* Extracted data entries
————

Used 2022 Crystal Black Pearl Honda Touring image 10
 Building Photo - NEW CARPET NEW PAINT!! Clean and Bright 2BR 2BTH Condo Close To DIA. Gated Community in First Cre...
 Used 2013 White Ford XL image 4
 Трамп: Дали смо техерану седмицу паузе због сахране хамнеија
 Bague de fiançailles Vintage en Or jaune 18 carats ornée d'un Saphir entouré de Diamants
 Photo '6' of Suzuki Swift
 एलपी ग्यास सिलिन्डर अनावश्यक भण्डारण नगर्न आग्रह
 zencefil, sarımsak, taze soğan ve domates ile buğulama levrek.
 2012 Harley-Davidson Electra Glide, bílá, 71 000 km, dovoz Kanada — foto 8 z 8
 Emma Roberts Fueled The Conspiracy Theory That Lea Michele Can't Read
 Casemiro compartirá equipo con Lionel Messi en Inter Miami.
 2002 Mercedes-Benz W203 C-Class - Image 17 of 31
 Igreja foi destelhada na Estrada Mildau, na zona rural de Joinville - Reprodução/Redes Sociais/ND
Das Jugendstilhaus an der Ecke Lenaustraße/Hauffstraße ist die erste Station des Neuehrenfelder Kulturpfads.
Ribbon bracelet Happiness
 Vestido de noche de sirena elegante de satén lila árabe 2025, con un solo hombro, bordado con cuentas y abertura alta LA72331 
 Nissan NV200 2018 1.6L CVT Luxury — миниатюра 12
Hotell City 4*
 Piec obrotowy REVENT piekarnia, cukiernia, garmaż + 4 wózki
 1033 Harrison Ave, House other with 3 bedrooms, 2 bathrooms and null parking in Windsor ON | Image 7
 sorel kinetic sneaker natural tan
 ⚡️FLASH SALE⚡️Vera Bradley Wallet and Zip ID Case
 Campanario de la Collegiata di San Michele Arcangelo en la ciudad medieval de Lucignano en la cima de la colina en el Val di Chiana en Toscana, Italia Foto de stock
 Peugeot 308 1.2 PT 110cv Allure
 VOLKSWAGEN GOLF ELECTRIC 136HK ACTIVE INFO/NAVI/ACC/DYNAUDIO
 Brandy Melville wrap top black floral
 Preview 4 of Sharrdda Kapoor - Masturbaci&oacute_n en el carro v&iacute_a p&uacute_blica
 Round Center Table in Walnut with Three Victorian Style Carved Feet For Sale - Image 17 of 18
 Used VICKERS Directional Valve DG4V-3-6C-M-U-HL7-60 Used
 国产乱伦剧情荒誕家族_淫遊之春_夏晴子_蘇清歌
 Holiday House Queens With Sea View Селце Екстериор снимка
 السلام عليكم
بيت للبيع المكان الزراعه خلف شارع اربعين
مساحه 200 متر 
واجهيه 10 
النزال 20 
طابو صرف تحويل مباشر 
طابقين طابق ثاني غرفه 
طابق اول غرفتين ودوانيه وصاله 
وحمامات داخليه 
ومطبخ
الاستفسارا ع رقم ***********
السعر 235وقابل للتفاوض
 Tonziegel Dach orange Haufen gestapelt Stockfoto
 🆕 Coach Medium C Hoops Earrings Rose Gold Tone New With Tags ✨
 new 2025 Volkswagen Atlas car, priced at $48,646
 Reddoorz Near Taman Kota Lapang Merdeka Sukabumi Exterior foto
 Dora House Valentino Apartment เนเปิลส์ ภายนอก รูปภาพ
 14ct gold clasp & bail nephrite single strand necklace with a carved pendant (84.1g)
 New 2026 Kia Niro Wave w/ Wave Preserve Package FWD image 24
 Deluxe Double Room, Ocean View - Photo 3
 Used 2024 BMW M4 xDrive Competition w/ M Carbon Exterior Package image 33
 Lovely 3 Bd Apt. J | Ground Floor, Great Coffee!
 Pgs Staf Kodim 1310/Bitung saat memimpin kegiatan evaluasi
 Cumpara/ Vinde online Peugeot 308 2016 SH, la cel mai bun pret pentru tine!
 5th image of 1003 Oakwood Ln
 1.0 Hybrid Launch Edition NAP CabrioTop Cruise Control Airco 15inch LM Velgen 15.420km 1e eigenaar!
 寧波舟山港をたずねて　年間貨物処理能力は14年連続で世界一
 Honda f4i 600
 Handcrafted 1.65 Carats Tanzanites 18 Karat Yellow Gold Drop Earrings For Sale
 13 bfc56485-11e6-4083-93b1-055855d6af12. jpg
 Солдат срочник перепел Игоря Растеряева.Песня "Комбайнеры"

————

* WORK TO COMPLETE
The task requires an exact transcription of all the data.

* SOLUTION TO THIS TASK
Used 2022 Crystal Black Pearl Honda Touring image 10
 Building Photo - NEW CARPET NEW PAINT!! Clean and Bright 2BR 2BTH Condo Close To DIA. Gated Community in First Cre...
 Used 2013 White Ford XL image 4
 Трамп: Дали смо техерану седмицу паузе због сахране хамнеија
 Bague de fiançailles Vintage en Or jaune 18 carats ornée d'un Saphir entouré de Diamants
 Photo '6' of Suzuki Swift
 एलपी ग्यास सिलिन्डर अनावश्यक भण्डारण नगर्न आग्रह
 zencefil, sarımsak, taze soğan ve domates ile buğulama levrek.
 2012 Harley-Davidson Electra Glide, bílá, 71 000 km, dovoz Kanada — foto 8 z 8
 Emma Roberts Fueled The Conspiracy Theory That Lea Michele Can't Read
 Casemiro compartirá equipo con Lionel Messi en Inter Miami.
 2002 Mercedes-Benz W203 C-Class - Image 17 of 31
 Igreja foi destelhada na Estrada Mildau, na zona rural de Joinville - Reprodução/Redes Sociais/ND
Das Jugendstilhaus an der Ecke Lenaustraße/Hauffstraße ist die erste Station des Neuehrenfelder Kulturpfads.
Ribbon bracelet Happiness
 Vestido de noche de sirena elegante de satén lila árabe 2025, con un solo hombro, bordado con cuentas y abertura alta LA72331 
 Nissan NV200 2018 1.6L CVT Luxury — миниатюра 12
Hotell City 4*
 Piec obrotowy REVENT piekarnia, cukiernia, garmaż + 4 wózki
 1033 Harrison Ave, House other with 3 bedrooms, 2 bathrooms and null parking in Windsor ON | Image 7
 sorel kinetic sneaker natural tan
 ⚡️FLASH SALE⚡️Vera Bradley Wallet and Zip ID Case
 Campanario de la Collegiata di San Michele Arcangelo en la ciudad medieval de Lucignano en la cima de la colina en el Val di Chiana en Toscana, Italia Foto de stock
 Peugeot 308 1.2 PT 110cv Allure
 VOLKSWAGEN GOLF ELECTRIC 136HK ACTIVE INFO/NAVI/ACC/DYNAUDIO
 Brandy Melville wrap top black floral
 Preview 4 of Sharrdda Kapoor - Masturbaci&oacute_n en el carro v&iacute_a p&uacute_blica
 Round Center Table in Walnut with Three Victorian Style Carved Feet For Sale - Image 17 of 18
 Used VICKERS Directional Valve DG4V-3-6C-M-U-HL7-60 Used
 国产乱伦剧情荒誕家族_淫遊之春_夏晴子_蘇清歌
 Holiday House Queens With Sea View Селце Екстериор снимка
 السلام عليكم
بيت للبيع المكان الزراعه خلف شارع اربعين
مساحه 200 متر 
واجهيه 10 
النزال 20 
طابو صرف تحويل مباشر 
طابقين طابق ثاني غرفه 
طابق اول غرفتين ودوانيه وصاله 
وحمامات داخليه 
ومطبخ
الاستفسارا ع رقم ***********
السعر 235وقابل للتفاوض
 Tonziegel Dach orange Haufen gestapelt Stockfoto
 🆕 Coach Medium C Hoops Earrings Rose Gold Tone New With Tags ✨
 new 2025 Volkswagen Atlas car, priced at $48,646
 Reddoorz Near Taman Kota Lapang Merdeka Sukabumi Exterior foto
 Dora House Valentino Apartment เนเปิลส์ ภายนอก รูปภาพ
 14ct gold clasp & bail nephrite single strand necklace with a carved pendant (84.1g)
 New 2026 Kia Niro Wave w/ Wave Preserve Package FWD image 24
 Deluxe Double Room, Ocean View - Photo 3
 Used 2024 BMW M4 xDrive Competition w/ M Carbon Exterior Package image 33
 Lovely 3 Bd Apt. J | Ground Floor, Great Coffee!
 Pgs Staf Kodim 1310/Bitung saat memimpin kegiatan evaluasi
 Cumpara/ Vinde online Peugeot 308 2016 SH, la cel mai bun pret pentru tine!
 5th image of 1003 Oakwood Ln
 1.0 Hybrid Launch Edition NAP CabrioTop Cruise Control Airco 15inch LM Velgen 15.420km 1e eigenaar!
 寧波舟山港をたずねて　年間貨物処理能力は14年連続で世界一
 Honda f4i 600
 Handcrafted 1.65 Carats Tanzanites 18 Karat Yellow Gold Drop Earrings For Sale
 13 bfc56485-11e6-4083-93b1-055855d6af12. jpg
 Солдат срочник перепел Игоря Растеряева.Песня "Комбайнеры"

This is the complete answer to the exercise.